#### About this task
Return the line containing "Bright living room" together with every later line up to the end of the records, exactly and with no pictures; return nothing else.

#### Dataset extract
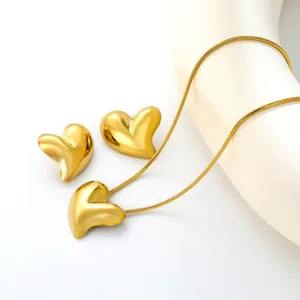 Vue détaillée de l'ensemble collier et boucles d'oreilles cœur 3D doré poli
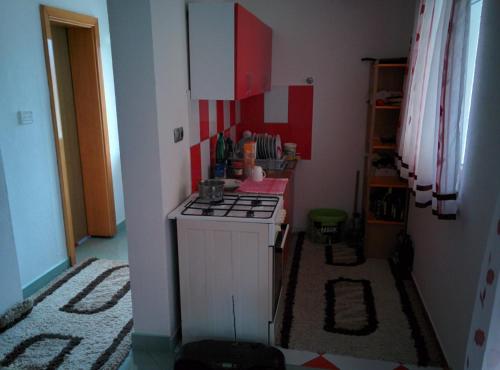 eine kleine Küche mit einem Herd und roten Schränken in der Unterkunft Holiday Home Dvoslap in Bihać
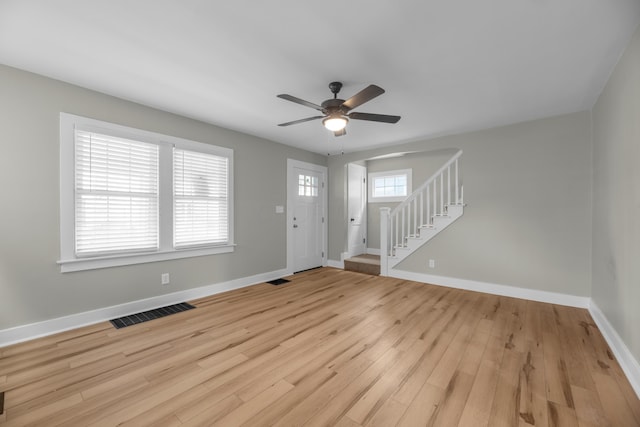 foyer entrance with a ceiling fan, visible vents, baseboards, stairway, and light wood-type flooring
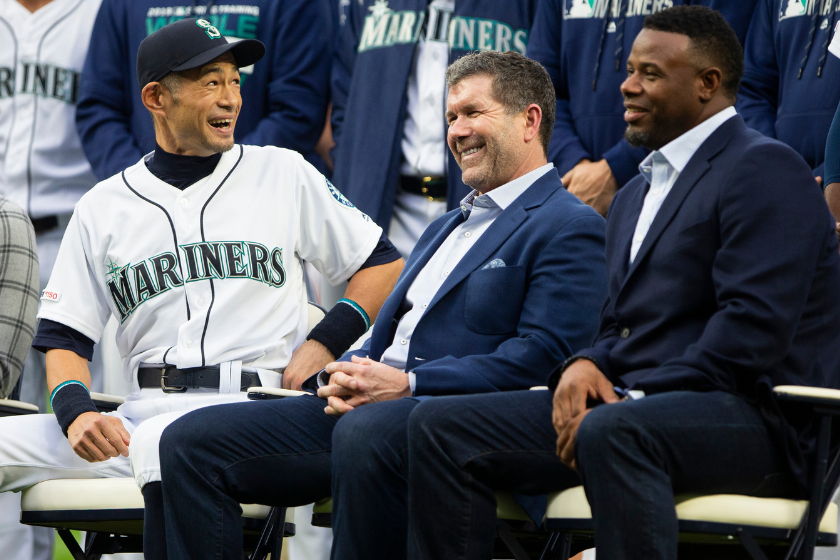 Ichiro Suzuki laughs with former Seattle Mariners players Edgar Martinez and Ken Griffey Jr. as Suzuki receives the Seattle Mariners Franchise Achievement Award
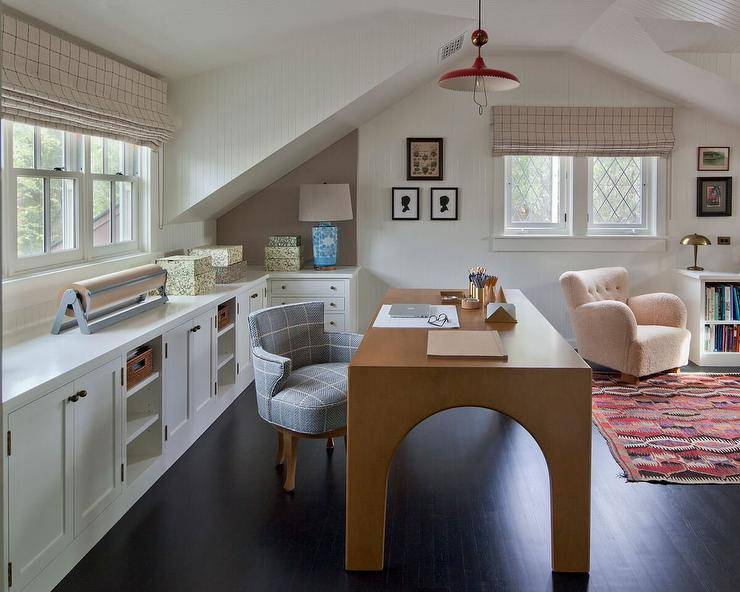 Beautifully designed home office boasts a red lantern hung over a brown wooden desk matched with a gray chair placed on an ebony stained wood floor. Behind the desk, white built-in cabinets and shelves are fixed under a window.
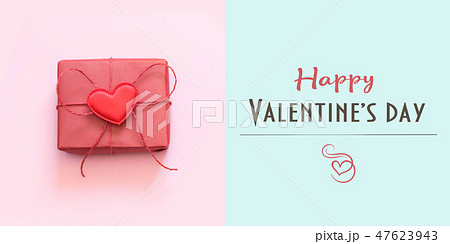 Happy Valentine's day card with red gift on blue. Happy Valentine's day card with red gift on blue. 47623943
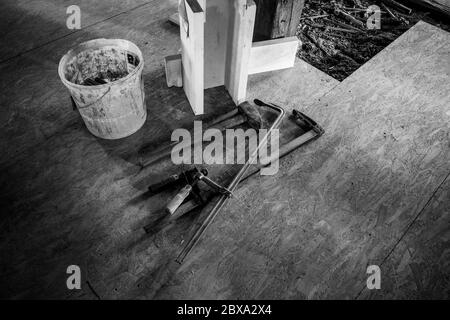 on a building site two steel clamps, a big hammer and a bucket lie side by side Stock Photo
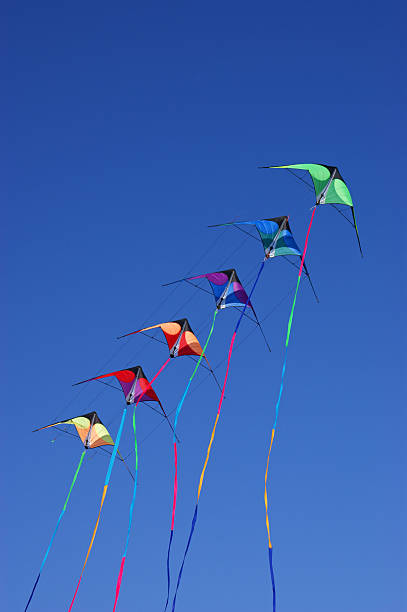 istock Kites against a vivid blue sky 153693217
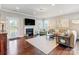 Bright living room with fireplace, large windows, hardwood floors, and comfortable neutral furniture at 10547 Skipping Rock Nw Ln, Concord, NC 28027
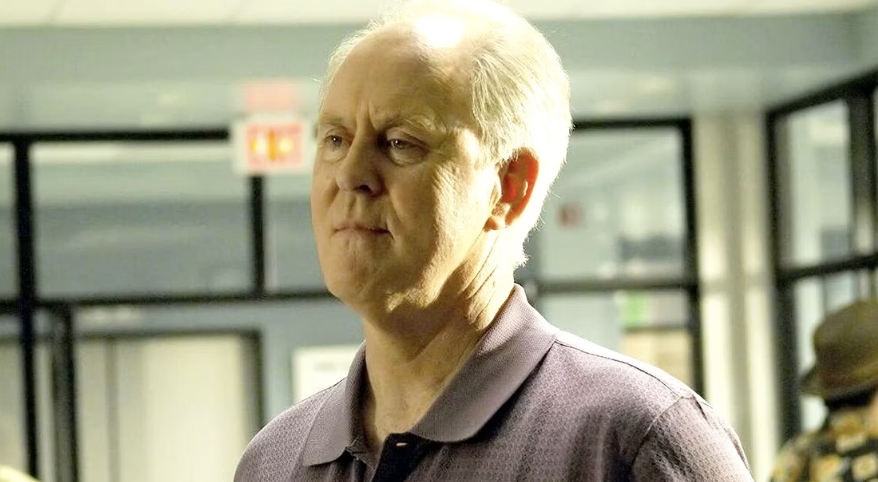 A man with short, light hair, wearing a collared shirt, is standing indoors in a hallway. The background includes windows and a wall with signage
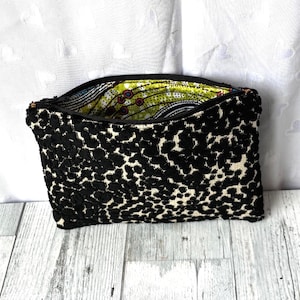May include: A black and white patterned clutch bag with a zipper closure. The exterior features a textured, spotted design, while the interior lining showcases a colorful, abstract pattern. The bag is open, revealing the vibrant interior.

#### Answer space
 Bright living room with fireplace, large windows, hardwood floors, and comfortable neutral furniture at 10547 Skipping Rock Nw Ln, Concord, NC 28027
 A man with short, light hair, wearing a collared shirt, is standing indoors in a hallway. The background includes windows and a wall with signage
May include: A black and white patterned clutch bag with a zipper closure. The exterior features a textured, spotted design, while the interior lining showcases a colorful, abstract pattern. The bag is open, revealing the vibrant interior.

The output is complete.